◆ ABOUT THIS TASK ◆
Set down the listing again, word for word.

|---|

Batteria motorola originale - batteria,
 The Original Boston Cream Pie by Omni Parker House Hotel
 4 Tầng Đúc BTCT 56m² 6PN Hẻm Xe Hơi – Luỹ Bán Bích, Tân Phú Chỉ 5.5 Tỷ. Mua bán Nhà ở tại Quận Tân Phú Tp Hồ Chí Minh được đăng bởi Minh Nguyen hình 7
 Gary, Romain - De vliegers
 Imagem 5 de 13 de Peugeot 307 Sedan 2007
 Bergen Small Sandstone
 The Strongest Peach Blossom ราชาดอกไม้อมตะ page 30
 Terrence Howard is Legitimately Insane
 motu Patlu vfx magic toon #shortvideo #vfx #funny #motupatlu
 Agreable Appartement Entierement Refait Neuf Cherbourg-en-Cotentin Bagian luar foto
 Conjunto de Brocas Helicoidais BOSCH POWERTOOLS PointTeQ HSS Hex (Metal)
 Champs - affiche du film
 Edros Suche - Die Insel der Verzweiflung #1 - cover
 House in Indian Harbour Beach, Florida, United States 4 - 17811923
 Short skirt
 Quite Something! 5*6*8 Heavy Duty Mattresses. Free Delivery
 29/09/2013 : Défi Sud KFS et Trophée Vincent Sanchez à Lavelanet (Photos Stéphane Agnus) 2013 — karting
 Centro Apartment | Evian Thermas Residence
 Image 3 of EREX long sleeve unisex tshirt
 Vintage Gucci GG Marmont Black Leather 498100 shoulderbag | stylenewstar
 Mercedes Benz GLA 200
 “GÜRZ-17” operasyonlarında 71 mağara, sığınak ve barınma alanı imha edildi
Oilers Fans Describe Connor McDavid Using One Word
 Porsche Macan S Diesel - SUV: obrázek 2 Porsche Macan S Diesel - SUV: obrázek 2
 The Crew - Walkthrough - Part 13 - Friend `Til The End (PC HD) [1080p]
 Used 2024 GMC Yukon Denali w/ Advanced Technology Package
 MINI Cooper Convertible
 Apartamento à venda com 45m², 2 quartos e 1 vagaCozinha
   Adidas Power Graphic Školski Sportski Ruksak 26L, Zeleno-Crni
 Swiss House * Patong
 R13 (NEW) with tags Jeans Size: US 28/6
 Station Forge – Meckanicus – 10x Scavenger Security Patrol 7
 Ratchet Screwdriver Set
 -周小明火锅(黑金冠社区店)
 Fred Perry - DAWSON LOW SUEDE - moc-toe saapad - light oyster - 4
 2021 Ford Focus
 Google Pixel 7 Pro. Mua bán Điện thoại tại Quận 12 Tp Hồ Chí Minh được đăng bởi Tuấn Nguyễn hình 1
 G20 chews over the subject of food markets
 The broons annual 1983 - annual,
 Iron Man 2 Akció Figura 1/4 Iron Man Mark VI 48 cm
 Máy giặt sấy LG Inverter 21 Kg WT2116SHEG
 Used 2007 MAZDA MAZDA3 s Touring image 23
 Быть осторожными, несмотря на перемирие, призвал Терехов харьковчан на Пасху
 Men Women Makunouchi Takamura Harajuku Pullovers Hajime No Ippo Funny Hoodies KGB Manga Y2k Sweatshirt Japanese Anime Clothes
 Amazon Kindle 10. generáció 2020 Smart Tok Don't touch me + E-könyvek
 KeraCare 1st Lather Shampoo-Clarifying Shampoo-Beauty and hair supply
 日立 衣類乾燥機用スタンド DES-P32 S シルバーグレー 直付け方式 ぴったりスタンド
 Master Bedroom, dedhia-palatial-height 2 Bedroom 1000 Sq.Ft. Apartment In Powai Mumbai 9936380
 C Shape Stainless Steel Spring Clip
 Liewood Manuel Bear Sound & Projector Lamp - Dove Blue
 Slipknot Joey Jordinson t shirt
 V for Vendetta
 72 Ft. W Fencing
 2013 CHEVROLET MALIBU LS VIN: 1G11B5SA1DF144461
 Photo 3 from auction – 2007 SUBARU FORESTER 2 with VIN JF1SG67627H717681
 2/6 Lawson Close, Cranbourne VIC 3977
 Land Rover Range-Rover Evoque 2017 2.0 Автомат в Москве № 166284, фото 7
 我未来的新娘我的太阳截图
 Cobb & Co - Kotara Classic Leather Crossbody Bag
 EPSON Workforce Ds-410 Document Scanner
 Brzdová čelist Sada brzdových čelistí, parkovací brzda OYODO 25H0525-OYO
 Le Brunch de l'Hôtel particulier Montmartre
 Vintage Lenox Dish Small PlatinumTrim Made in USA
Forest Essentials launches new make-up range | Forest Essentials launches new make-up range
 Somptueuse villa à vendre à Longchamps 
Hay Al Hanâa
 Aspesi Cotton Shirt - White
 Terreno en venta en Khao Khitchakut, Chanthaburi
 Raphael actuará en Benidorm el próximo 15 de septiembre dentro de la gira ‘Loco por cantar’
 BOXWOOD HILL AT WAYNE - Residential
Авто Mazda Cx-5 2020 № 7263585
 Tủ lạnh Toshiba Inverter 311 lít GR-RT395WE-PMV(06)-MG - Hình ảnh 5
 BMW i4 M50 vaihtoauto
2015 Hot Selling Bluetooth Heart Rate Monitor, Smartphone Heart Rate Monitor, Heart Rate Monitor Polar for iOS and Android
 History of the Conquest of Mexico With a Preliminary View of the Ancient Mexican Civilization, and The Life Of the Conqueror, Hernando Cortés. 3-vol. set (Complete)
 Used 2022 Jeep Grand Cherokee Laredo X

|---|

◆ EXERCISE RESPONSE ◆
Batteria motorola originale - batteria,
 The Original Boston Cream Pie by Omni Parker House Hotel
 4 Tầng Đúc BTCT 56m² 6PN Hẻm Xe Hơi – Luỹ Bán Bích, Tân Phú Chỉ 5.5 Tỷ. Mua bán Nhà ở tại Quận Tân Phú Tp Hồ Chí Minh được đăng bởi Minh Nguyen hình 7
 Gary, Romain - De vliegers
 Imagem 5 de 13 de Peugeot 307 Sedan 2007
 Bergen Small Sandstone
 The Strongest Peach Blossom ราชาดอกไม้อมตะ page 30
 Terrence Howard is Legitimately Insane
 motu Patlu vfx magic toon #shortvideo #vfx #funny #motupatlu
 Agreable Appartement Entierement Refait Neuf Cherbourg-en-Cotentin Bagian luar foto
 Conjunto de Brocas Helicoidais BOSCH POWERTOOLS PointTeQ HSS Hex (Metal)
 Champs - affiche du film
 Edros Suche - Die Insel der Verzweiflung #1 - cover
 House in Indian Harbour Beach, Florida, United States 4 - 17811923
 Short skirt
 Quite Something! 5*6*8 Heavy Duty Mattresses. Free Delivery
 29/09/2013 : Défi Sud KFS et Trophée Vincent Sanchez à Lavelanet (Photos Stéphane Agnus) 2013 — karting
 Centro Apartment | Evian Thermas Residence
 Image 3 of EREX long sleeve unisex tshirt
 Vintage Gucci GG Marmont Black Leather 498100 shoulderbag | stylenewstar
 Mercedes Benz GLA 200
 “GÜRZ-17” operasyonlarında 71 mağara, sığınak ve barınma alanı imha edildi
Oilers Fans Describe Connor McDavid Using One Word
 Porsche Macan S Diesel - SUV: obrázek 2 Porsche Macan S Diesel - SUV: obrázek 2
 The Crew - Walkthrough - Part 13 - Friend `Til The End (PC HD) [1080p]
 Used 2024 GMC Yukon Denali w/ Advanced Technology Package
 MINI Cooper Convertible
 Apartamento à venda com 45m², 2 quartos e 1 vagaCozinha
   Adidas Power Graphic Školski Sportski Ruksak 26L, Zeleno-Crni
 Swiss House * Patong
 R13 (NEW) with tags Jeans Size: US 28/6
 Station Forge – Meckanicus – 10x Scavenger Security Patrol 7
 Ratchet Screwdriver Set
 -周小明火锅(黑金冠社区店)
 Fred Perry - DAWSON LOW SUEDE - moc-toe saapad - light oyster - 4
 2021 Ford Focus
 Google Pixel 7 Pro. Mua bán Điện thoại tại Quận 12 Tp Hồ Chí Minh được đăng bởi Tuấn Nguyễn hình 1
 G20 chews over the subject of food markets
 The broons annual 1983 - annual,
 Iron Man 2 Akció Figura 1/4 Iron Man Mark VI 48 cm
 Máy giặt sấy LG Inverter 21 Kg WT2116SHEG
 Used 2007 MAZDA MAZDA3 s Touring image 23
 Быть осторожными, несмотря на перемирие, призвал Терехов харьковчан на Пасху
 Men Women Makunouchi Takamura Harajuku Pullovers Hajime No Ippo Funny Hoodies KGB Manga Y2k Sweatshirt Japanese Anime Clothes
 Amazon Kindle 10. generáció 2020 Smart Tok Don't touch me + E-könyvek
 KeraCare 1st Lather Shampoo-Clarifying Shampoo-Beauty and hair supply
 日立 衣類乾燥機用スタンド DES-P32 S シルバーグレー 直付け方式 ぴったりスタンド
 Master Bedroom, dedhia-palatial-height 2 Bedroom 1000 Sq.Ft. Apartment In Powai Mumbai 9936380
 C Shape Stainless Steel Spring Clip
 Liewood Manuel Bear Sound & Projector Lamp - Dove Blue
 Slipknot Joey Jordinson t shirt
 V for Vendetta
 72 Ft. W Fencing
 2013 CHEVROLET MALIBU LS VIN: 1G11B5SA1DF144461
 Photo 3 from auction – 2007 SUBARU FORESTER 2 with VIN JF1SG67627H717681
 2/6 Lawson Close, Cranbourne VIC 3977
 Land Rover Range-Rover Evoque 2017 2.0 Автомат в Москве № 166284, фото 7
 我未来的新娘我的太阳截图
 Cobb & Co - Kotara Classic Leather Crossbody Bag
 EPSON Workforce Ds-410 Document Scanner
 Brzdová čelist Sada brzdových čelistí, parkovací brzda OYODO 25H0525-OYO
 Le Brunch de l'Hôtel particulier Montmartre
 Vintage Lenox Dish Small PlatinumTrim Made in USA
Forest Essentials launches new make-up range | Forest Essentials launches new make-up range
 Somptueuse villa à vendre à Longchamps 
Hay Al Hanâa
 Aspesi Cotton Shirt - White
 Terreno en venta en Khao Khitchakut, Chanthaburi
 Raphael actuará en Benidorm el próximo 15 de septiembre dentro de la gira ‘Loco por cantar’
 BOXWOOD HILL AT WAYNE - Residential
Авто Mazda Cx-5 2020 № 7263585
 Tủ lạnh Toshiba Inverter 311 lít GR-RT395WE-PMV(06)-MG - Hình ảnh 5
 BMW i4 M50 vaihtoauto
2015 Hot Selling Bluetooth Heart Rate Monitor, Smartphone Heart Rate Monitor, Heart Rate Monitor Polar for iOS and Android
 History of the Conquest of Mexico With a Preliminary View of the Ancient Mexican Civilization, and The Life Of the Conqueror, Hernando Cortés. 3-vol. set (Complete)
 Used 2022 Jeep Grand Cherokee Laredo X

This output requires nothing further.